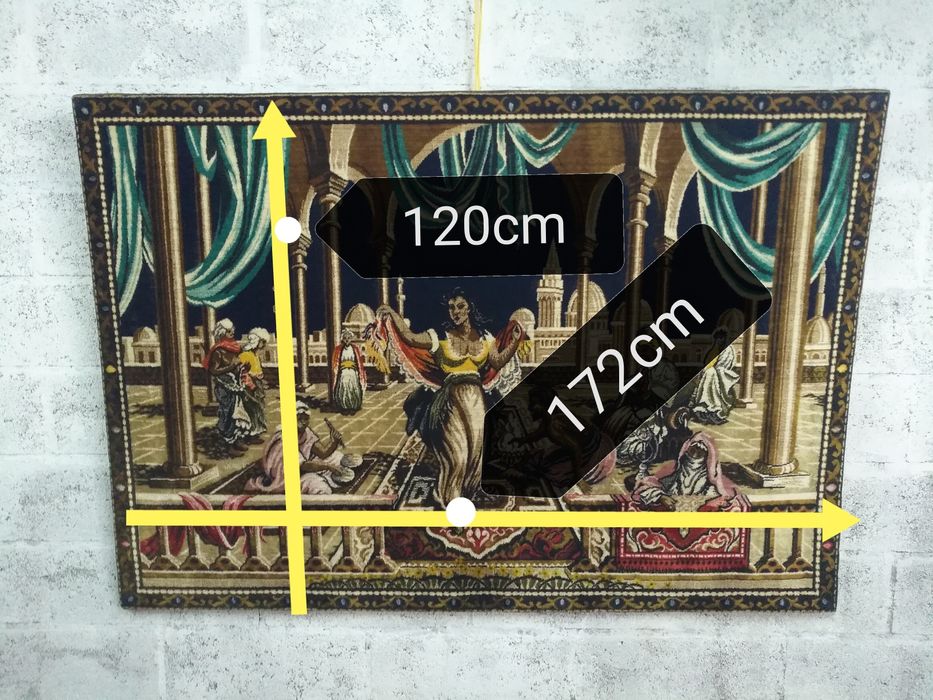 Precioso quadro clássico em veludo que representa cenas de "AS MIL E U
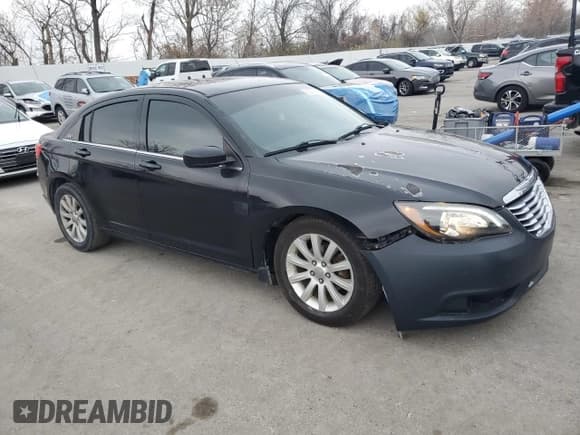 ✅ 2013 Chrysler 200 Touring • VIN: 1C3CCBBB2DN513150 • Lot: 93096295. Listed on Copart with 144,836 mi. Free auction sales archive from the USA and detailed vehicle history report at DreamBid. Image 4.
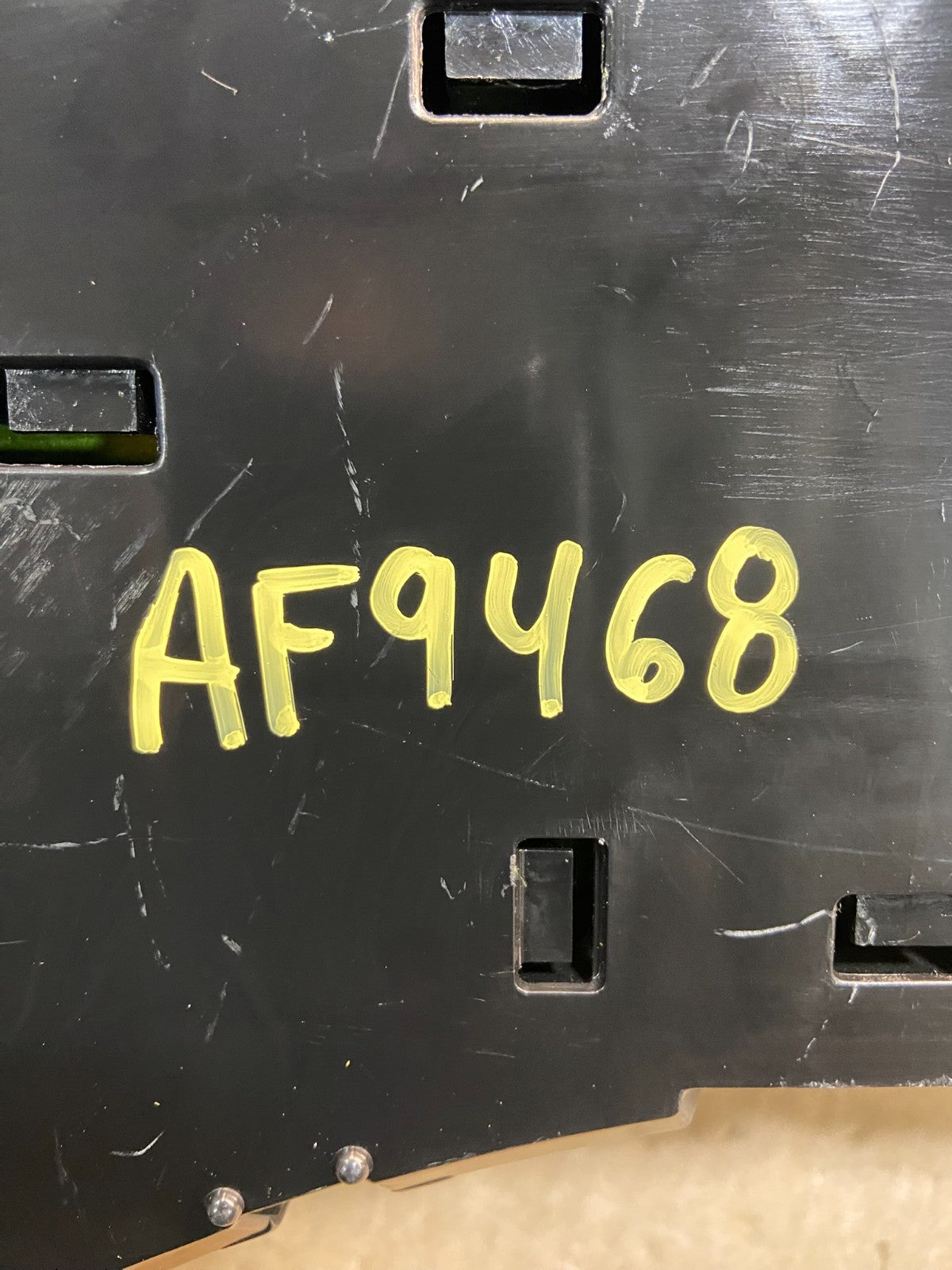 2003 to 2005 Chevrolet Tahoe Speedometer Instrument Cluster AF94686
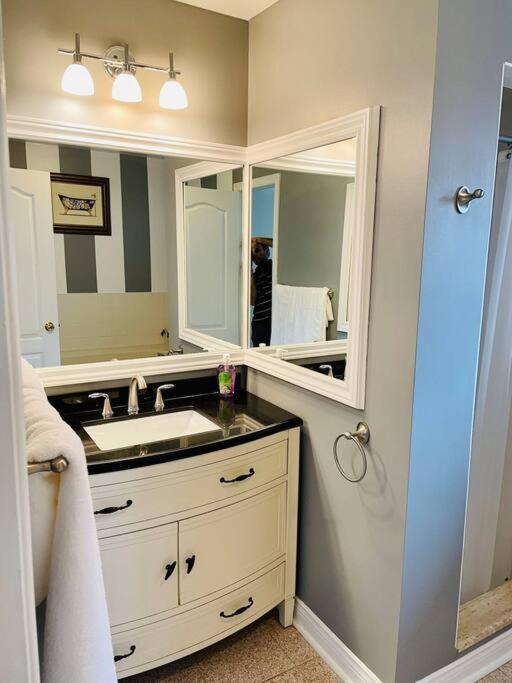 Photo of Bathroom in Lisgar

...

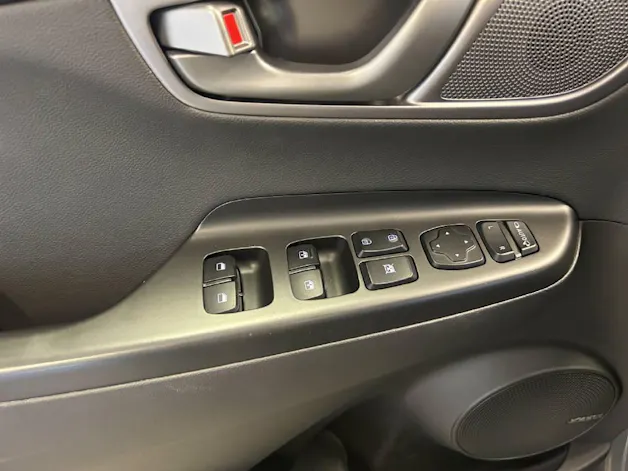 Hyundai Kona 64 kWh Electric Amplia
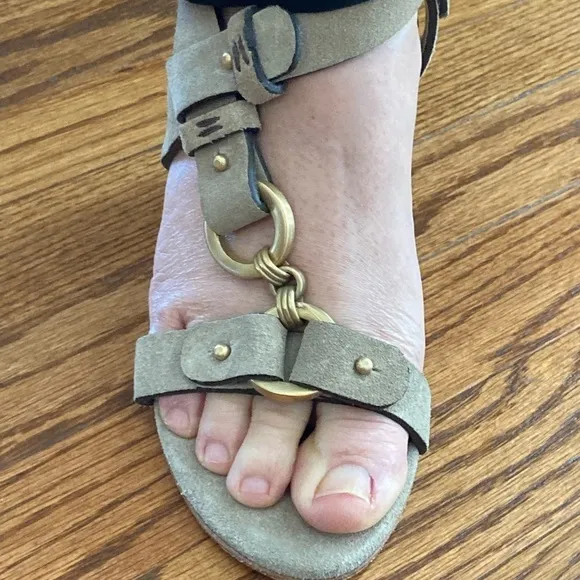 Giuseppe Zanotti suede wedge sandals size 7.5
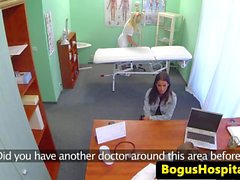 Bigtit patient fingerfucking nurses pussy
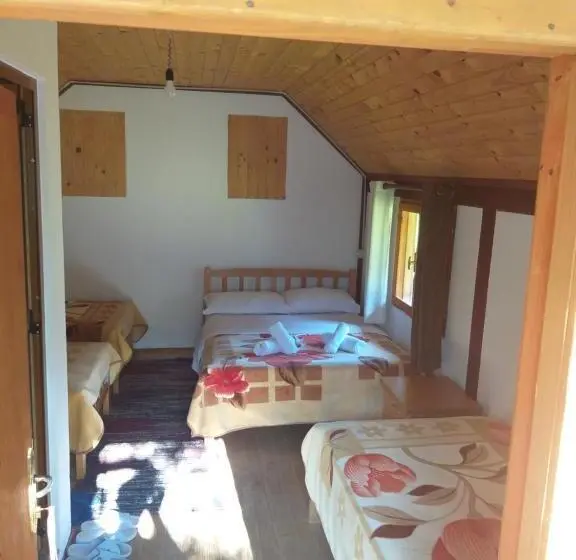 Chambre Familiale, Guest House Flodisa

* * *

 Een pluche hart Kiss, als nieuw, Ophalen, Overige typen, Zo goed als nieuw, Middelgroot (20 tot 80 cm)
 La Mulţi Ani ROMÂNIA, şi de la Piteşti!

> _What to work on_
In the listing above, find the line containing "Giuseppe Zanotti suede" and the line containing "Chambre Familiale, Guest House Flodisa", then output those two lines and everything between them exactly as written, without the images.

> _Task result_
 Giuseppe Zanotti suede wedge sandals size 7.5
 Bigtit patient fingerfucking nurses pussy
 Chambre Familiale, Guest House Flodisa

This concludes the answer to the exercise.